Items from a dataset
----
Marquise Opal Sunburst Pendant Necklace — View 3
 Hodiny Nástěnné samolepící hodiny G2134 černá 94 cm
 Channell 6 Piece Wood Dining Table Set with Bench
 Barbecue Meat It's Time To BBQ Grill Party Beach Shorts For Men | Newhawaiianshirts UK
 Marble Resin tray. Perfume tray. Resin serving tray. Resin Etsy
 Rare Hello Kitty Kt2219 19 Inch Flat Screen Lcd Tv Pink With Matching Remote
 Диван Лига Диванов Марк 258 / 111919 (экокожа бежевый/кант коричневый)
----
Problem to work on - The full set of data above must come back exactly as written.

Your response -
Marquise Opal Sunburst Pendant Necklace — View 3
 Hodiny Nástěnné samolepící hodiny G2134 černá 94 cm
 Channell 6 Piece Wood Dining Table Set with Bench
 Barbecue Meat It's Time To BBQ Grill Party Beach Shorts For Men | Newhawaiianshirts UK
 Marble Resin tray. Perfume tray. Resin serving tray. Resin Etsy
 Rare Hello Kitty Kt2219 19 Inch Flat Screen Lcd Tv Pink With Matching Remote
 Диван Лига Диванов Марк 258 / 111919 (экокожа бежевый/кант коричневый)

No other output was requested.